The project taps an idea that just won’t go away – to take advantage of the nation's power grid to transfer not only electricity but bits of data as well. The technology is commonly referred to as broadband-over-power-line (BPL) and never achieved a critical penetration in key markets of the world. However, it might be an interesting and very economic way to leverage existing power lines and infrastructure to quickly and inexpensively deploy broadband access to areas that otherwise would not see DSL hubs or cable Internet access in the foreseeable future.
IBM confirmed in a press release it will be working with rural electricity cooperatives on the project, joining forces with rural broadband leader International Broadband Electric Communications (IBEC).
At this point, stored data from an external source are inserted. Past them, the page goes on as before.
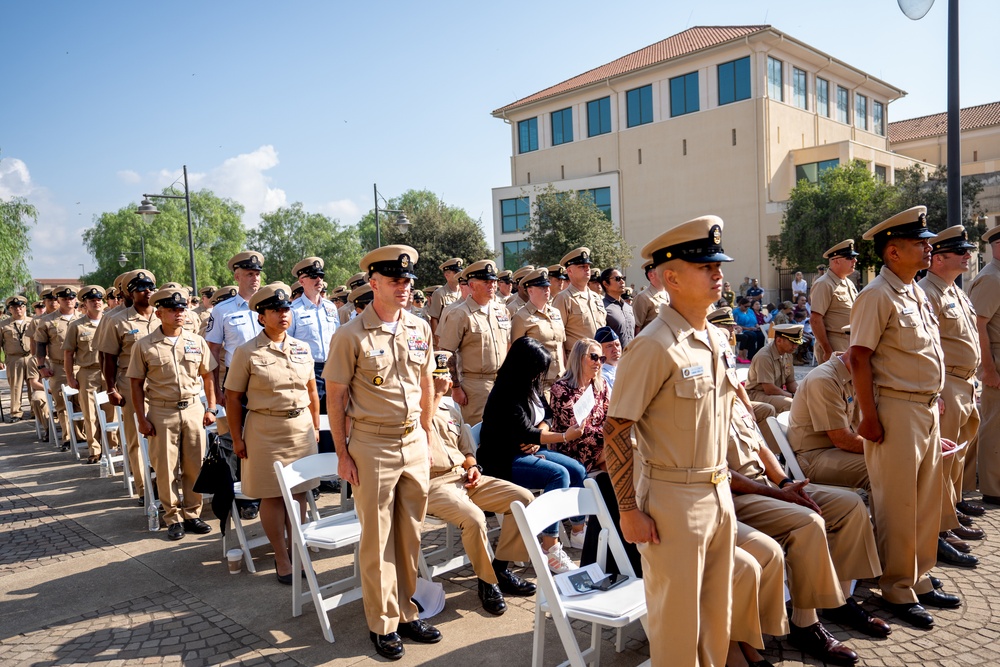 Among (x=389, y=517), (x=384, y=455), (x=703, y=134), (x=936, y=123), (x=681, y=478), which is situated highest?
(x=936, y=123)

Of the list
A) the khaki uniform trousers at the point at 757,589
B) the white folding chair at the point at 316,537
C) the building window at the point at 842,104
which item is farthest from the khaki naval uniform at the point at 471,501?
the building window at the point at 842,104

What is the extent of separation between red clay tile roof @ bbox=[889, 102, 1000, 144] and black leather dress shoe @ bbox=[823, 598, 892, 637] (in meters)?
45.7

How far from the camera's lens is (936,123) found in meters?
44.5

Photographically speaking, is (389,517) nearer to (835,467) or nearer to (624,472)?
(624,472)

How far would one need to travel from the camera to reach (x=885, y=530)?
4098 millimetres

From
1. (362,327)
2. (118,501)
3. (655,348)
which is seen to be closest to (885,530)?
(655,348)

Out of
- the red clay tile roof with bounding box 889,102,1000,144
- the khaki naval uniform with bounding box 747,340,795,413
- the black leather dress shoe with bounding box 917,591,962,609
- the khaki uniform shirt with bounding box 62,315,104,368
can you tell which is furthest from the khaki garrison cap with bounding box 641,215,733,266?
the red clay tile roof with bounding box 889,102,1000,144

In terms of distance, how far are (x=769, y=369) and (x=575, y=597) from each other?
13.5 feet

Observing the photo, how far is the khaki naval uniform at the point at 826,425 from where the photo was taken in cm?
470

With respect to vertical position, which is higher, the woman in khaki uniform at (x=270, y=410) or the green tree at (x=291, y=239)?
the green tree at (x=291, y=239)

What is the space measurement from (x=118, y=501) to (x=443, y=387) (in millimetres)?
4597

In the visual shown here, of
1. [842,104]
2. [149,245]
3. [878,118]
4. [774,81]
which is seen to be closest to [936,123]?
[878,118]

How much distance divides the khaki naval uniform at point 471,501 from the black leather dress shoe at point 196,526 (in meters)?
2.71

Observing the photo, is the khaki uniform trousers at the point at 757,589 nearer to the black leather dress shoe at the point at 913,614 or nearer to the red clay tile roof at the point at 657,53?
the black leather dress shoe at the point at 913,614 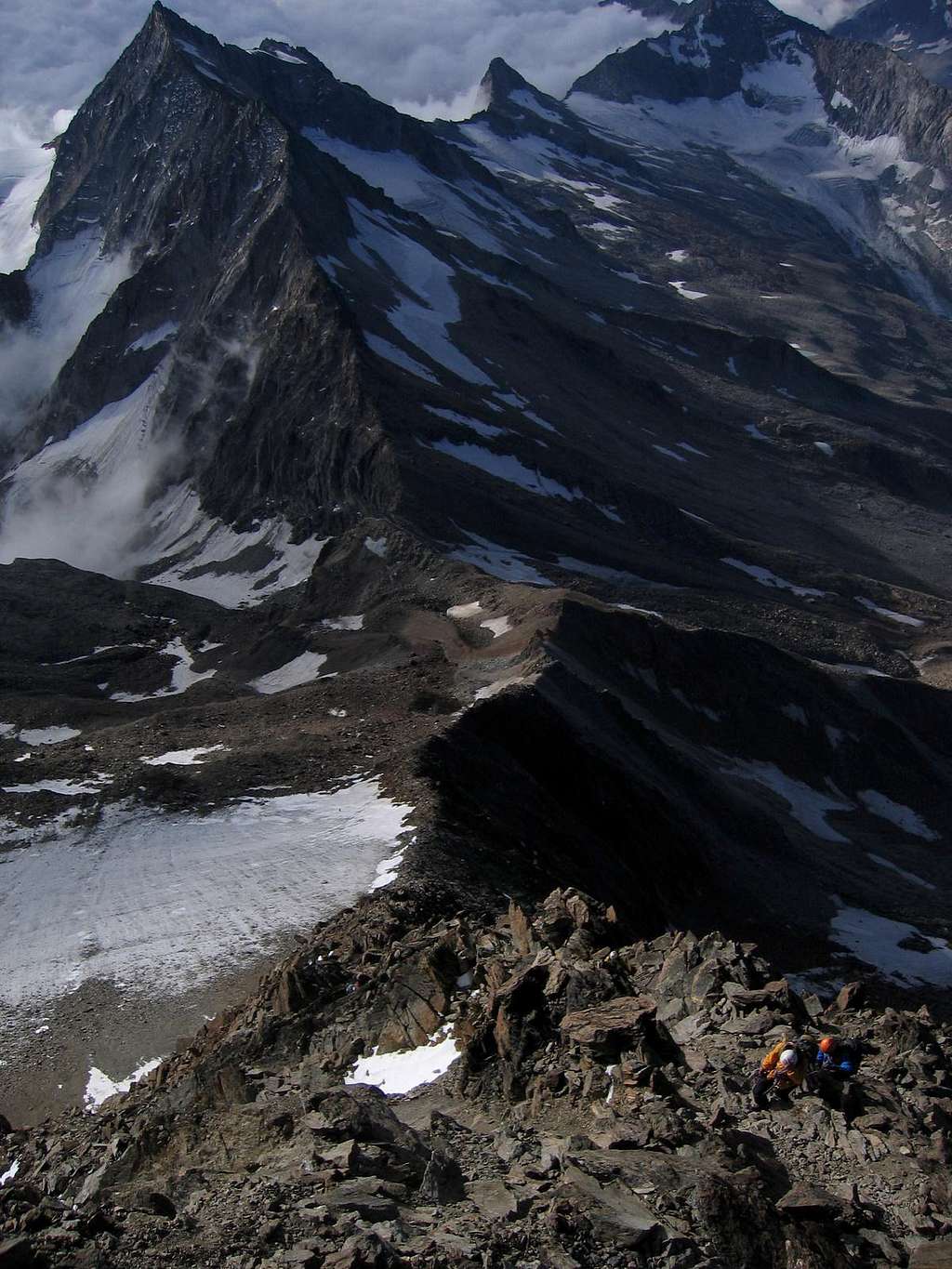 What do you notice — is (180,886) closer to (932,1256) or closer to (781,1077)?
(781,1077)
The $9.6 million agreement states that IBM will install BPL networks at electric cooperatives throughout the eastern U.S., while IBEC will focus on "providing broadband services to underserved residents in rural America." The scope of the project is staggering: IBM will have to work with 900 electric cooperatives in the country that cover three quarters of the land mass and provide 45% of the total electric grid in the country. IBM engineers will manage and oversee the project, in addition to training line crews who will actually install the BPL equipment. IBEC will provide the necessary equipment and sell broadband access to rural residents.
The announcement is unexpected in a time when most of us either accepted that there simply is no broadband in rural areas or hoped that WiMax will solve the problem within a few years. Either way, broadband Internet for rural areas may be able to bridge the growing digital divide that exists today between rural and metropolitan areas, which can only be considered as a positive development.